A Heavy Lift: Bringing Kestrel + YARP to Azure App Services

Byron Tardif

NOTE: This blog was originally posted to the App Service Team blog

In this post, we get a behind-the-scenes look at the engineering work required to change a critical platform component with code paths that are exercised billions of times a day while minimizing service disruptions and maintaining SLA for our customers. We provide a brief introduction to help cover the basics, go over motivations for doing this work, explain some of the more interesting challenges, issues, and bugs encountered along the way, and close with the results and the new customers scenarios enabled.

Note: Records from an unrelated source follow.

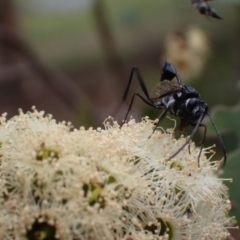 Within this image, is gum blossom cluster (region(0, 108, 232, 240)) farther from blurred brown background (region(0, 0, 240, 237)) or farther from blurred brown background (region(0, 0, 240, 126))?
blurred brown background (region(0, 0, 240, 126))

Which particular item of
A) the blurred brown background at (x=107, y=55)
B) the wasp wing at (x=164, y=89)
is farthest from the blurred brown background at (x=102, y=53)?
the wasp wing at (x=164, y=89)

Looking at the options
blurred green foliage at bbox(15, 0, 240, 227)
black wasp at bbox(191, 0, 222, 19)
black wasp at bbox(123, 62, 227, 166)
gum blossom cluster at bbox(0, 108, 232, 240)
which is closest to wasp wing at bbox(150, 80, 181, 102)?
black wasp at bbox(123, 62, 227, 166)

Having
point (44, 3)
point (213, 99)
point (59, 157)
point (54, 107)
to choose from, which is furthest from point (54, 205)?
point (44, 3)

The challenge was huge, but we’re excited about the benefits this brings to Azure App Services and our customers:

  • Almost 80% improvement in throughput in performance tests designed to isolate the benefits.
  • Greener Azure data centers from significantly decreased per-request CPU usage.
  • Support for modern protocols like HTTP/3.
  • Support for new customer scenarios such as gRPC applications, per-host cipher suite configuration, custom error pages, and more.

Introduction

In 2021, a group of engineers across multiple teams, including .NET and Azure, got together to transition the App Service Frontend fleet to Kestrel + YARP. As we celebrate the completion of this major lift and collaboration, we decided to write down the journey and describe some of the challenges of completing such a change to a live service, the wins we achieved, and the future work enabled by this transition. We hope you enjoy it.

Azure App Service in a nutshell

Azure App Service recently celebrated its 10 year anniversary (we launched it on June 7th, 2012). We are grateful and humbled by our customers who have helped us grow into a big service (affectionately called an XXL service in Azure internally, a designation only shared with 3 other services). Here are some numbers that provide a glimpse into our scale:

  • 160B+ daily HTTP requests served by applications
  • 14M+ host names
  • 1.5K+ multi-tenant scale units and an additional 10K+ dedicated scale units (App Service Environments aka App Service Isolated SKU)

One of the key architectural pieces of this system is our FrontEndRole. The FrontEndRole main purposes are:

  • Receiving traffic on HTTP/HTTPS from public virtual IP addresses associated with a scale unit
  • Terminating SSL if required
  • Determining which set of VMs are the origin-servers for the application (called Workers) and then routing to them

FrontEndRole diagram

App Service was originally built as a Cloud Service and this role is just called FrontEndRole. With our transition to VM Scale Sets, the FrontEndRole is a separate scale set which is part of each scale unit.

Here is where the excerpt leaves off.